Why We don't Have To
I'm a competitor. I like competition whether it be healthy or unhealthy. I'm like Monica from the TV series Friends.
I want everything in my life to run perfectly and I want to win at everything.
Then, I think life will end if anything less than this happens.
As this transitions over to my new title as mother, I've found myself struggling to accept that motherhood is not a competition or a picture perfect way of life. And let me tell you, it's not an easy lesson.
But my son doesn't need the pressure of competition in his life. He doesn't understand competition and he doesn't care about it. All he cares about is a full tummy, a warm place to sleep, and lots of loves and cuddles from Mommy, Daddy, and his stuffed cow Harvey.
And then it hits me. Levi is like Phoebe from Friends. He's going through life all happy-go-lucky. Only caring about the important stuff and not worrying about if he fits in with the other babies. No, he marches (or rather rolls) to his own beat and is quite content doing so. He sings his own baby variation of Smelly Cat and jives to the music of his baby jungle gym.
"Who cares if the baby down the road is crawling?" he thinks. "I've got my toys and I've got my puppy. I'm doing great!"
I wish I could have the same Phoebe personality. In fact, I wish all of us mamas could have a little bit more Phoebe in us, just like our babies do.
You see, we don't have to be constantly comparing ourselves to other Moms. We don't have to compare our babies to other babies.
It's not a race to see who can lose their pregnancy weight faster. It's not a competition to see who is the more successful business mom or the more homemakery (let's pretend that's a word) mom. It doesn't matter if you can breastfeed or if you give your baby formula. It doesn't matter if you're the mom who dresses up every single day or if you count merely putting on a bra success.
What matters is the unconditional love and support you give to your baby no matter your circumstances.
Motherhood takes on a different shape for everyone. And that's okay! It doesn't mean you're behind the pack if your baby isn't sleeping through the night yet. It doesn't mean you're coming in first place in the Mom Marathon if you're making homemade baby food and cloth diapering your child.
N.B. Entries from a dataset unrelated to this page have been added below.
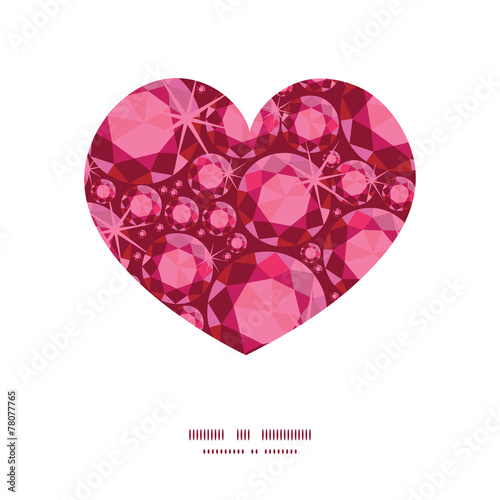 Vector ruby heart silhouette pattern frame
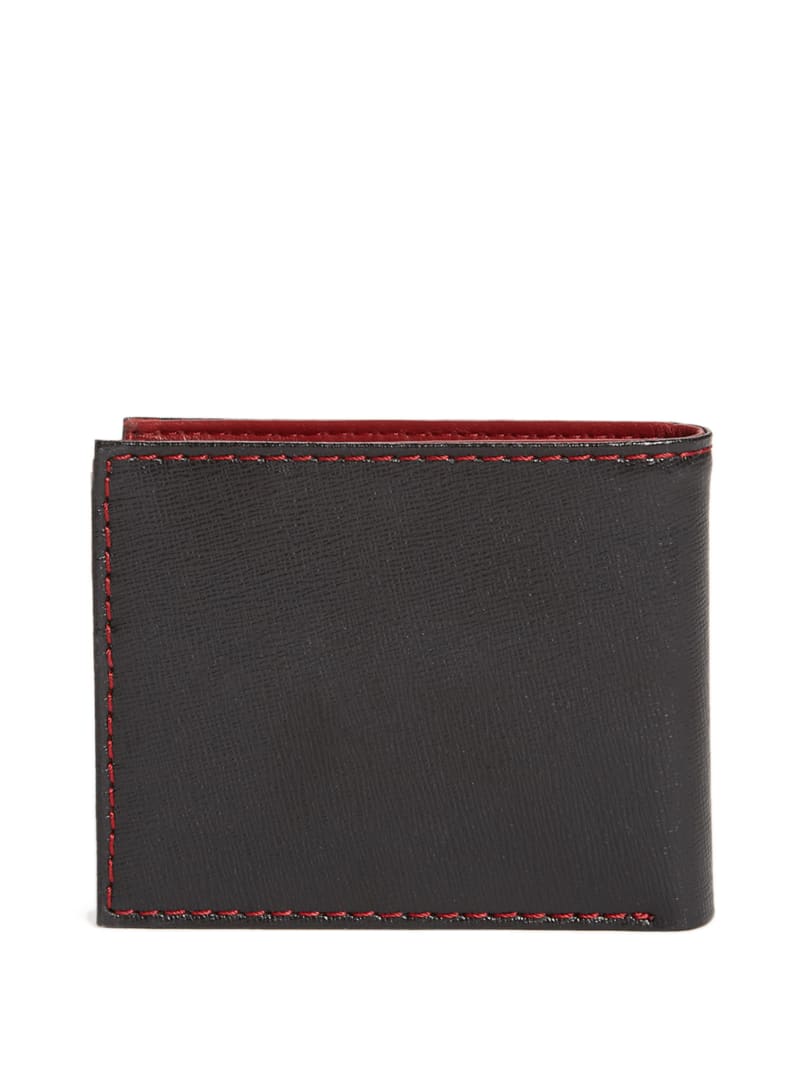 Men's Bifold Black Red Leather Guess Wallet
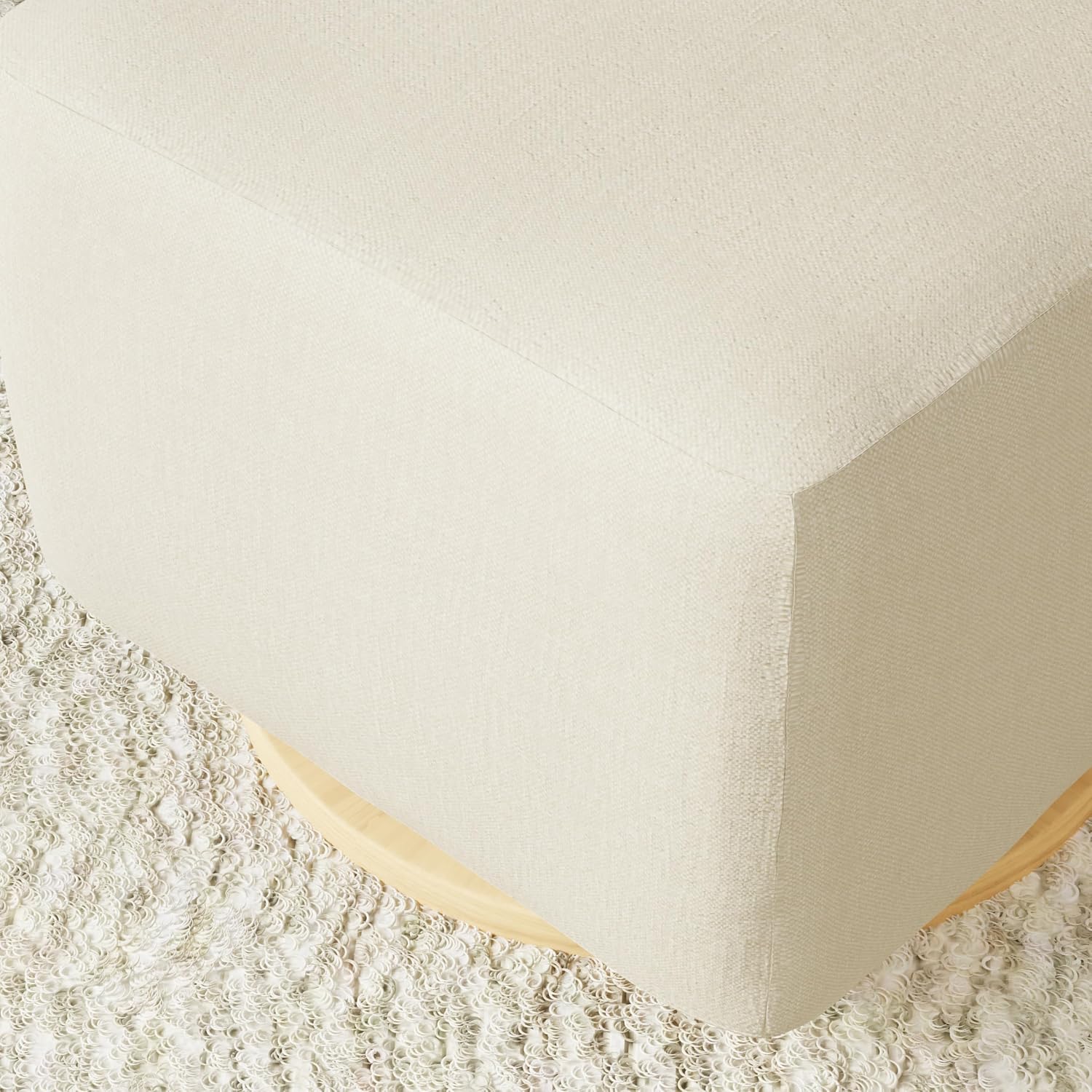 Babyletto Kiwi Gliding Ottoman in Performance Cream Eco-Weave with Light Wood Base, Water Repellent & Stain Resistant, Greenguard Gold and CertiPUR-US Certified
You don't have to feel like you're not pulling your weight if you're staying at home with your kids instead of chasing a career. And you don't have to feel like you're a horrible mother who is judged by others for not spending enough time with your kids if you are chasing that career.
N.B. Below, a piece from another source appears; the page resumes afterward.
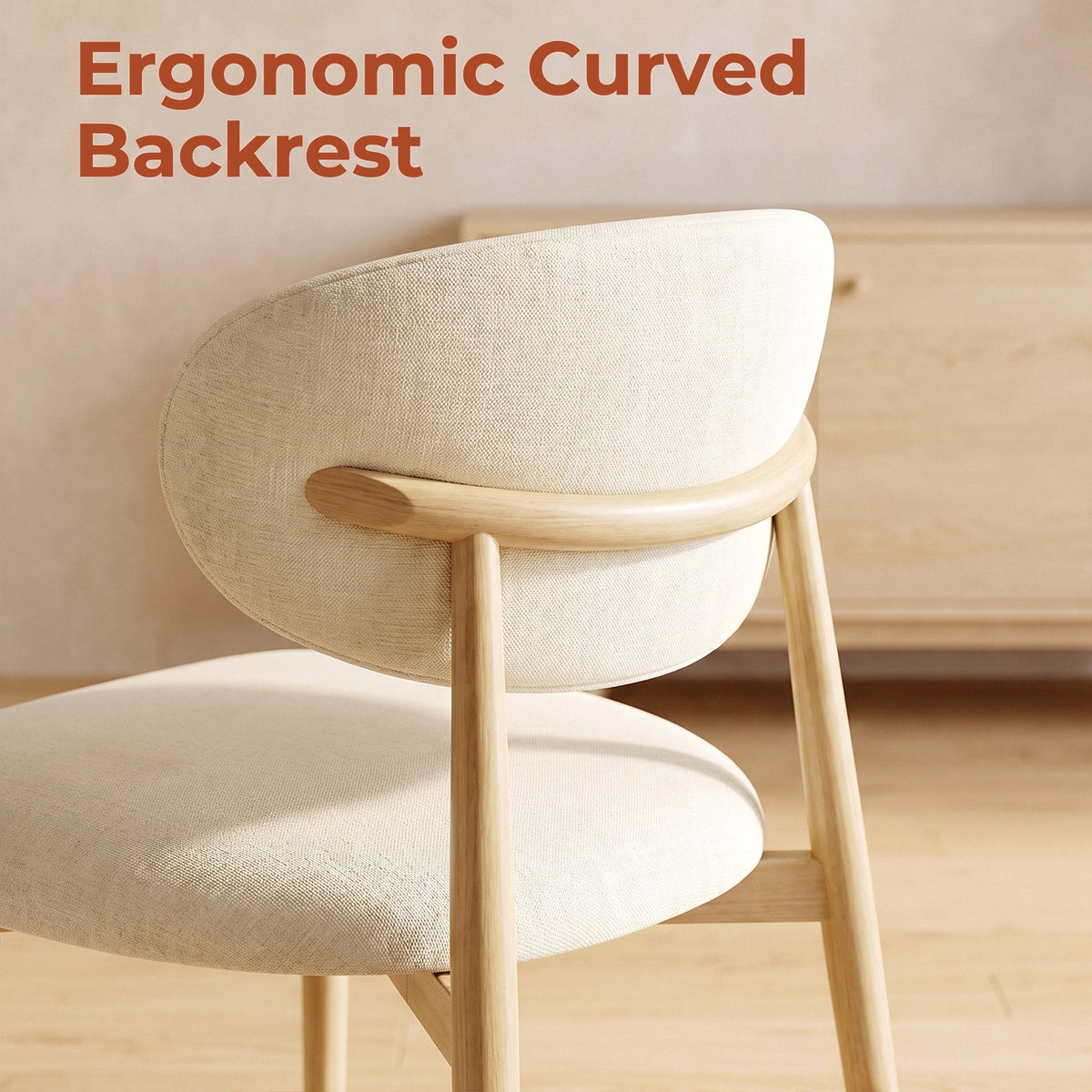 LAZY BUDDY Dining Chairs Set of 2/4, Upholstered Kitchen Chairs with Curved Backrest for Dining Room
Motherhood is the journey a woman and her child take together on a path that's all their own. You might cross paths or walk the same bridge every now and then with another mama, but eventually your path will take a different turn. Life isn't a one size fits all kind of thing. And it's not a race against everyone else either. Life is simply a journey of lessons learned, memories made, and relationships built.
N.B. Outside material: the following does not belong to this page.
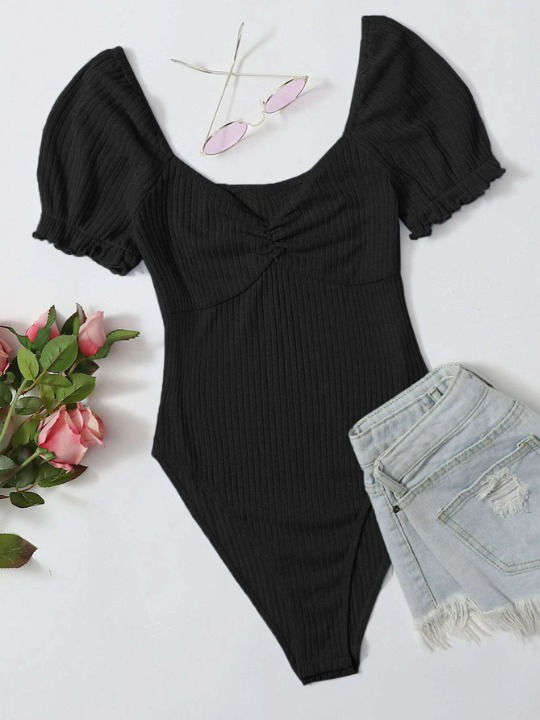 Frilled Puff Sleeved Bodysuit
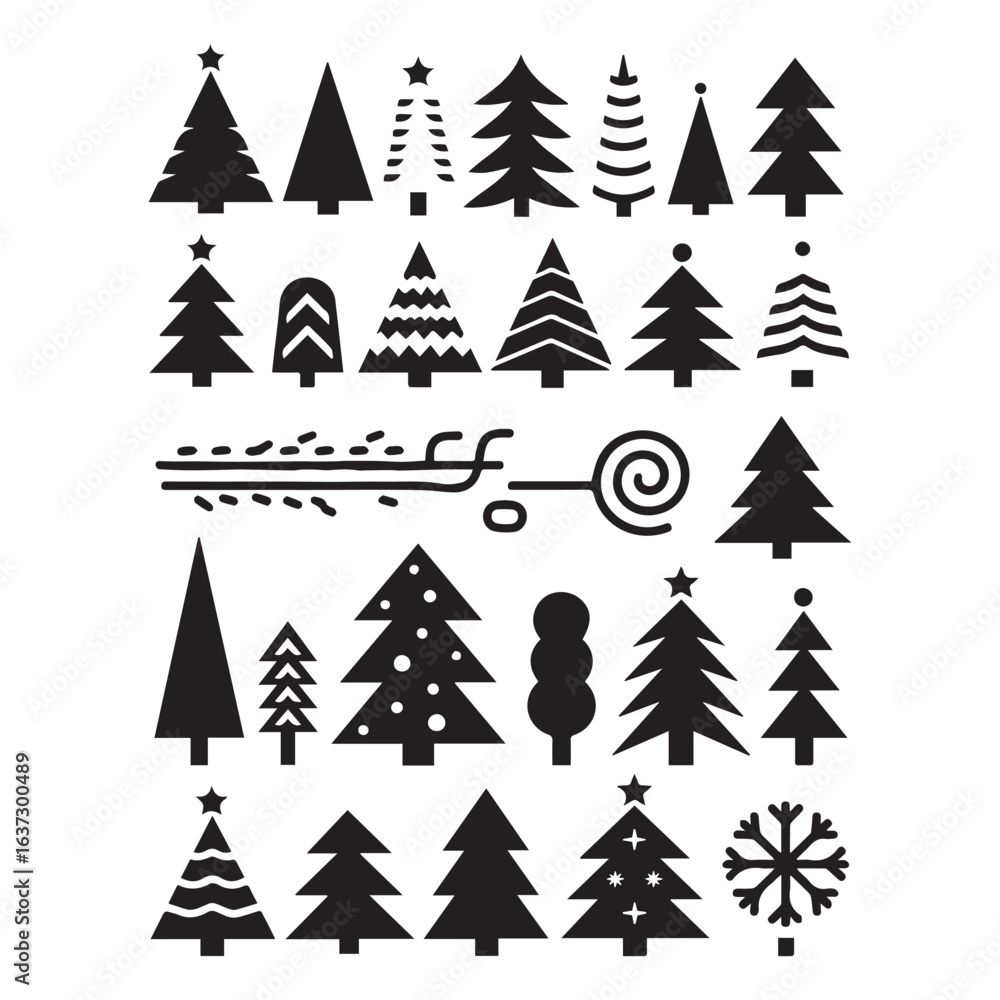 Obraz premium A collection of 60 minimalist black Christmas tree silhouettes on white background.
So Mama, if you're like me and struggle with comparing yourself to other moms or feel like it's a competition to get to the next milestone, take a deep breath. Go run around the park like a wild child with your arms flailing around like Phoebe does. Be goofy, be happy, and be content with where you are in motherhood. Because all too soon, our babies will be hitting milestones we're not ready for and we'll long for this time in our lives back. And the memories we'll be longing to have again won't be that time our baby walked before our friend's baby. It'll be the times our baby wanted to cuddle or when they laughed at all our funny faces instead of rolling their eyes. And I bet we won't even remember why we were always in such a hurry to get places with our babies and to prove ourselves to other mamas. We'll just remember how fun it was to watch our child grow and learn and explore life with the sweet innocence only a child can have.